È un’inflazione da record negli Stati Uniti. I prezzi al consumo nel mese di marzo sono saliti dell’8,5 per cento su base annua e dell’1,2 per cento rispetto a febbraio. Un livello che raggiunge i massimi dal dicembre del 1981. L’incremento registrato è anche maggiore delle attese degli osservatori di Wall Street che prevedevano un aumento del’8,4 per cento. 

  • L’inflazione continua a crescere a causa della guerra in Ucraina, per via dei problemi della catena di approvvigionamento e dell’aumento dei prezzi dell’energia, saliti dell’11 per cento rispetto a febbraio. Negli Stati Uniti non si vedeva una situazione simile dai tempi della presidenza di Ronald Reagan. A pesare maggiormente sui prezzi è stato l’indice della benzina, salito del 18,3 per cento a marzo. In media, come confermato dalla portavoce della Casa Bianca Jen Psaki, dall’inizio dell’invasione da parte della Russia si è verificato un aumento di 80 centesimi a gallone.

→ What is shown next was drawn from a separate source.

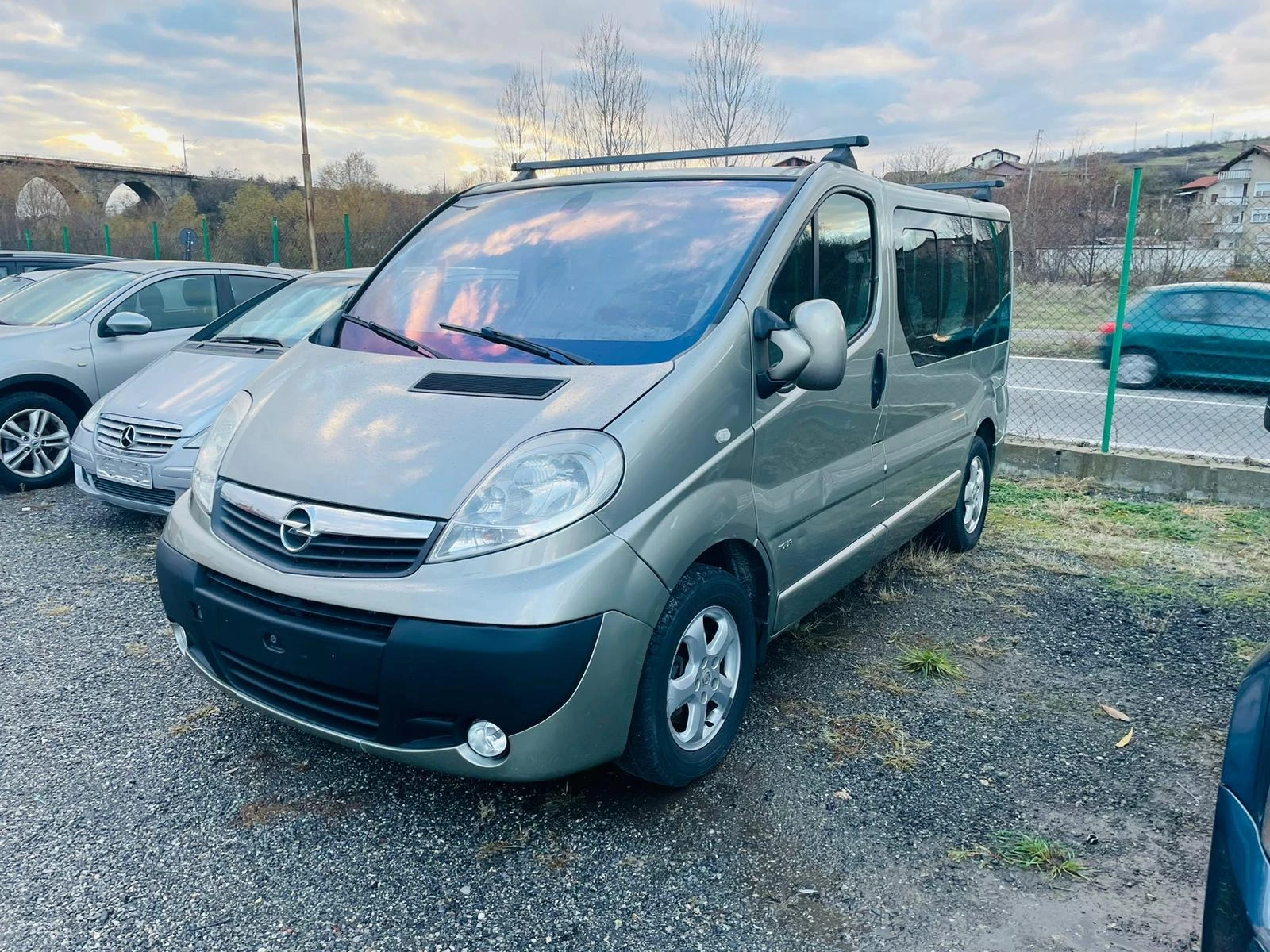 Opel Vivaro 2.5CDTI-АВТОМАТ КЛИМАТИК - изображение 2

  • Il proseguimento della crescita dell’inflazione mette pressione sulla Federal Reserve: l’indice core, monitorato dalla Fed al netto di energia e alimentari, è salito nel mese di marzo dello 0,3 per cento su febbraio e del 6,5 per cento rispetto all’anno precedente. La banca sembra pronta ad aumentare i tassi di interesse di mezzo punto percentuale nel prossimo vertice a maggio.

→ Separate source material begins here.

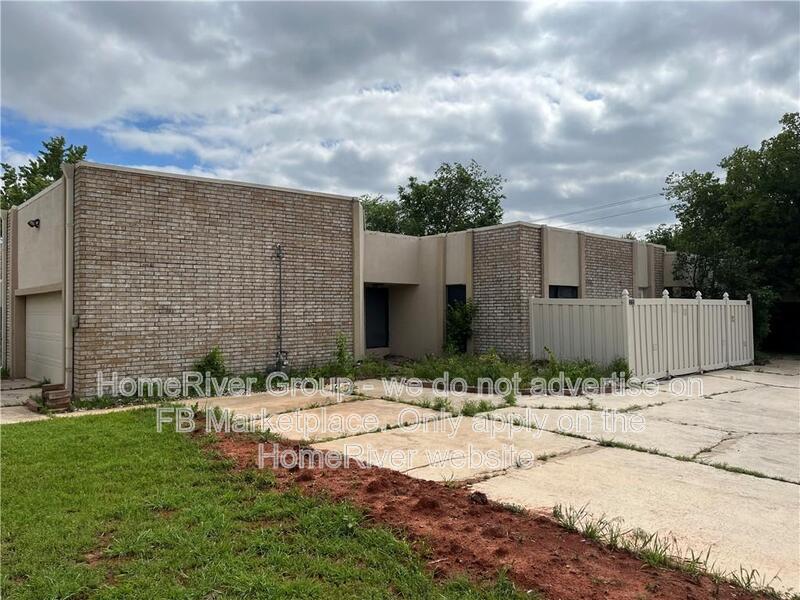 Oklahoma City Condo: 12725 Silver Ln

  • Le famiglie statunitensi si stanno preparando a un ulteriore aumento dei costi di affitti, gas e cibo che colpisce in particolare i ceti medio bassi del paese. Per l’amministrazione di Joe Biden non è un periodo favorevole, anche in vista delle elezioni di midterm previste il prossimo novembre. Le Borse europee, alla notizia della fiammata dell’inflazione, hanno reagito in maniera negativa. In calo Francoforte, Londra, Parigi e Milano, mentre per adesso rimane piatta Madrid.